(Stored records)

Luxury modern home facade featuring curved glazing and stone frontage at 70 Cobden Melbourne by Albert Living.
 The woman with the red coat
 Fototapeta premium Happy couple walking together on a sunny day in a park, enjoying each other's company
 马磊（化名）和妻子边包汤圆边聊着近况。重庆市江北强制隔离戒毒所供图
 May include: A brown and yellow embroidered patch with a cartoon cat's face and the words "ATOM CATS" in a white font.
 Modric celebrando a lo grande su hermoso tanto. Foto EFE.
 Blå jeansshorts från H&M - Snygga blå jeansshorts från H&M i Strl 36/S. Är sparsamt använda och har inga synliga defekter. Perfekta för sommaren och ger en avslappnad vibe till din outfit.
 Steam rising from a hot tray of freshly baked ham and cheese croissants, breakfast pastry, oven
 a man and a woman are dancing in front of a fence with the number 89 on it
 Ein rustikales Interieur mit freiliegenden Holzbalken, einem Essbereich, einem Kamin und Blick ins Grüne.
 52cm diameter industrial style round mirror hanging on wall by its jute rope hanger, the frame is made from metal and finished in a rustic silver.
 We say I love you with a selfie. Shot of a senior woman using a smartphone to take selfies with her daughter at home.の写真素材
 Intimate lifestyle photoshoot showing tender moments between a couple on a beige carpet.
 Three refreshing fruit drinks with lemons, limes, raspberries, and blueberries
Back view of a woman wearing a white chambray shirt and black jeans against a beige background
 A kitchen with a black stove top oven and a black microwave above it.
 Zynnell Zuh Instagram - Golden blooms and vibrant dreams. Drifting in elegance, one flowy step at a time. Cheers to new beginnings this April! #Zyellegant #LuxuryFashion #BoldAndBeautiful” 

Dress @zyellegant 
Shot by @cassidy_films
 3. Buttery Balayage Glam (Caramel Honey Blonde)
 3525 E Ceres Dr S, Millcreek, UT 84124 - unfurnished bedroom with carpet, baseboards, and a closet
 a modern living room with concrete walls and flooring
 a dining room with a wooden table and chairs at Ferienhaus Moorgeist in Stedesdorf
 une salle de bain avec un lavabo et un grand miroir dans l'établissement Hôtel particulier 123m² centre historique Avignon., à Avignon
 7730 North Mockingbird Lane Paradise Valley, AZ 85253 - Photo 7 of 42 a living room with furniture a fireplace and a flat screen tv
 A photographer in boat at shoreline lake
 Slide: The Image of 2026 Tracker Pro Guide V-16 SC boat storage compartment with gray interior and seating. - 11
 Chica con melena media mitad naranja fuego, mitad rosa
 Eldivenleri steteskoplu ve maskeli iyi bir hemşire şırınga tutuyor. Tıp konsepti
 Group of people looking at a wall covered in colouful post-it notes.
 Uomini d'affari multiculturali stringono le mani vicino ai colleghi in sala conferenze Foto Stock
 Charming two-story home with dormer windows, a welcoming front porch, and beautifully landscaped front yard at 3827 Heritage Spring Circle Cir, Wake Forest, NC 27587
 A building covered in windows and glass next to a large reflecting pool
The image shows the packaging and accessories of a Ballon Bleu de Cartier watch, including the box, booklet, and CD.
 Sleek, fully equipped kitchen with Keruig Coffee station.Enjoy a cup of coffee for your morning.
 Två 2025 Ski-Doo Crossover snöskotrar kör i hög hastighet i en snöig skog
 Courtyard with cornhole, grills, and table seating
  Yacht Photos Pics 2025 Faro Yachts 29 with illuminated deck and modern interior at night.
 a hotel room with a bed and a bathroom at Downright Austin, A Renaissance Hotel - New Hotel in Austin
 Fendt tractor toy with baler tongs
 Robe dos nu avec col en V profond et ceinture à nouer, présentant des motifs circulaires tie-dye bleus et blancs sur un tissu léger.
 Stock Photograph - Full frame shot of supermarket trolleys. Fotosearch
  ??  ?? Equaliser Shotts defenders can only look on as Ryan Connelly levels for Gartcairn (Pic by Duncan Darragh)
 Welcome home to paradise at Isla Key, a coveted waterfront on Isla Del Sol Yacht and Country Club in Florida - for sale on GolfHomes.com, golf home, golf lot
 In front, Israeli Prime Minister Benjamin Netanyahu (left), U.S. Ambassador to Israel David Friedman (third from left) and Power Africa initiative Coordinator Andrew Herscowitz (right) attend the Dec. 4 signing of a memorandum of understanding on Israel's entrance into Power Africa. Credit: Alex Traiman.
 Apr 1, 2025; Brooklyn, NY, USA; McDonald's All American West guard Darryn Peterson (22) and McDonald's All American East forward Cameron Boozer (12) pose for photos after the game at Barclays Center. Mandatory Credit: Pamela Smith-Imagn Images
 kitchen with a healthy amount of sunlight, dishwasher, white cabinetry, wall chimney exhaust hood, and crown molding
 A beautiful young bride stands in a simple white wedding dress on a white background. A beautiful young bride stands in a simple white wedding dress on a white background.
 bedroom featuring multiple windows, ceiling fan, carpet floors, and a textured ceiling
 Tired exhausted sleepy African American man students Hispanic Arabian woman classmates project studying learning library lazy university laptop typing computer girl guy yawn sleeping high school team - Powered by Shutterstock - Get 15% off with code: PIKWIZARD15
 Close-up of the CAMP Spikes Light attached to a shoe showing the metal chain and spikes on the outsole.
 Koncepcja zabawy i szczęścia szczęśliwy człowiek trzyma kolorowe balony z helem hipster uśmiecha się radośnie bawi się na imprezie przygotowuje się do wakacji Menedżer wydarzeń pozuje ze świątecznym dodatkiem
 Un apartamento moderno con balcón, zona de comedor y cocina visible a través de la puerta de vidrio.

Work to complete: Return the data from the top line through the bottom line exactly.

Answer section:
Luxury modern home facade featuring curved glazing and stone frontage at 70 Cobden Melbourne by Albert Living.
 The woman with the red coat
 Fototapeta premium Happy couple walking together on a sunny day in a park, enjoying each other's company
 马磊（化名）和妻子边包汤圆边聊着近况。重庆市江北强制隔离戒毒所供图
 May include: A brown and yellow embroidered patch with a cartoon cat's face and the words "ATOM CATS" in a white font.
 Modric celebrando a lo grande su hermoso tanto. Foto EFE.
 Blå jeansshorts från H&M - Snygga blå jeansshorts från H&M i Strl 36/S. Är sparsamt använda och har inga synliga defekter. Perfekta för sommaren och ger en avslappnad vibe till din outfit.
 Steam rising from a hot tray of freshly baked ham and cheese croissants, breakfast pastry, oven
 a man and a woman are dancing in front of a fence with the number 89 on it
 Ein rustikales Interieur mit freiliegenden Holzbalken, einem Essbereich, einem Kamin und Blick ins Grüne.
 52cm diameter industrial style round mirror hanging on wall by its jute rope hanger, the frame is made from metal and finished in a rustic silver.
 We say I love you with a selfie. Shot of a senior woman using a smartphone to take selfies with her daughter at home.の写真素材
 Intimate lifestyle photoshoot showing tender moments between a couple on a beige carpet.
 Three refreshing fruit drinks with lemons, limes, raspberries, and blueberries
Back view of a woman wearing a white chambray shirt and black jeans against a beige background
 A kitchen with a black stove top oven and a black microwave above it.
 Zynnell Zuh Instagram - Golden blooms and vibrant dreams. Drifting in elegance, one flowy step at a time. Cheers to new beginnings this April! #Zyellegant #LuxuryFashion #BoldAndBeautiful” 

Dress @zyellegant 
Shot by @cassidy_films
 3. Buttery Balayage Glam (Caramel Honey Blonde)
 3525 E Ceres Dr S, Millcreek, UT 84124 - unfurnished bedroom with carpet, baseboards, and a closet
 a modern living room with concrete walls and flooring
 a dining room with a wooden table and chairs at Ferienhaus Moorgeist in Stedesdorf
 une salle de bain avec un lavabo et un grand miroir dans l'établissement Hôtel particulier 123m² centre historique Avignon., à Avignon
 7730 North Mockingbird Lane Paradise Valley, AZ 85253 - Photo 7 of 42 a living room with furniture a fireplace and a flat screen tv
 A photographer in boat at shoreline lake
 Slide: The Image of 2026 Tracker Pro Guide V-16 SC boat storage compartment with gray interior and seating. - 11
 Chica con melena media mitad naranja fuego, mitad rosa
 Eldivenleri steteskoplu ve maskeli iyi bir hemşire şırınga tutuyor. Tıp konsepti
 Group of people looking at a wall covered in colouful post-it notes.
 Uomini d'affari multiculturali stringono le mani vicino ai colleghi in sala conferenze Foto Stock
 Charming two-story home with dormer windows, a welcoming front porch, and beautifully landscaped front yard at 3827 Heritage Spring Circle Cir, Wake Forest, NC 27587
 A building covered in windows and glass next to a large reflecting pool
The image shows the packaging and accessories of a Ballon Bleu de Cartier watch, including the box, booklet, and CD.
 Sleek, fully equipped kitchen with Keruig Coffee station.Enjoy a cup of coffee for your morning.
 Två 2025 Ski-Doo Crossover snöskotrar kör i hög hastighet i en snöig skog
 Courtyard with cornhole, grills, and table seating
  Yacht Photos Pics 2025 Faro Yachts 29 with illuminated deck and modern interior at night.
 a hotel room with a bed and a bathroom at Downright Austin, A Renaissance Hotel - New Hotel in Austin
 Fendt tractor toy with baler tongs
 Robe dos nu avec col en V profond et ceinture à nouer, présentant des motifs circulaires tie-dye bleus et blancs sur un tissu léger.
 Stock Photograph - Full frame shot of supermarket trolleys. Fotosearch
  ??  ?? Equaliser Shotts defenders can only look on as Ryan Connelly levels for Gartcairn (Pic by Duncan Darragh)
 Welcome home to paradise at Isla Key, a coveted waterfront on Isla Del Sol Yacht and Country Club in Florida - for sale on GolfHomes.com, golf home, golf lot
 In front, Israeli Prime Minister Benjamin Netanyahu (left), U.S. Ambassador to Israel David Friedman (third from left) and Power Africa initiative Coordinator Andrew Herscowitz (right) attend the Dec. 4 signing of a memorandum of understanding on Israel's entrance into Power Africa. Credit: Alex Traiman.
 Apr 1, 2025; Brooklyn, NY, USA; McDonald's All American West guard Darryn Peterson (22) and McDonald's All American East forward Cameron Boozer (12) pose for photos after the game at Barclays Center. Mandatory Credit: Pamela Smith-Imagn Images
 kitchen with a healthy amount of sunlight, dishwasher, white cabinetry, wall chimney exhaust hood, and crown molding
 A beautiful young bride stands in a simple white wedding dress on a white background. A beautiful young bride stands in a simple white wedding dress on a white background.
 bedroom featuring multiple windows, ceiling fan, carpet floors, and a textured ceiling
 Tired exhausted sleepy African American man students Hispanic Arabian woman classmates project studying learning library lazy university laptop typing computer girl guy yawn sleeping high school team - Powered by Shutterstock - Get 15% off with code: PIKWIZARD15
 Close-up of the CAMP Spikes Light attached to a shoe showing the metal chain and spikes on the outsole.
 Koncepcja zabawy i szczęścia szczęśliwy człowiek trzyma kolorowe balony z helem hipster uśmiecha się radośnie bawi się na imprezie przygotowuje się do wakacji Menedżer wydarzeń pozuje ze świątecznym dodatkiem
 Un apartamento moderno con balcón, zona de comedor y cocina visible a través de la puerta de vidrio.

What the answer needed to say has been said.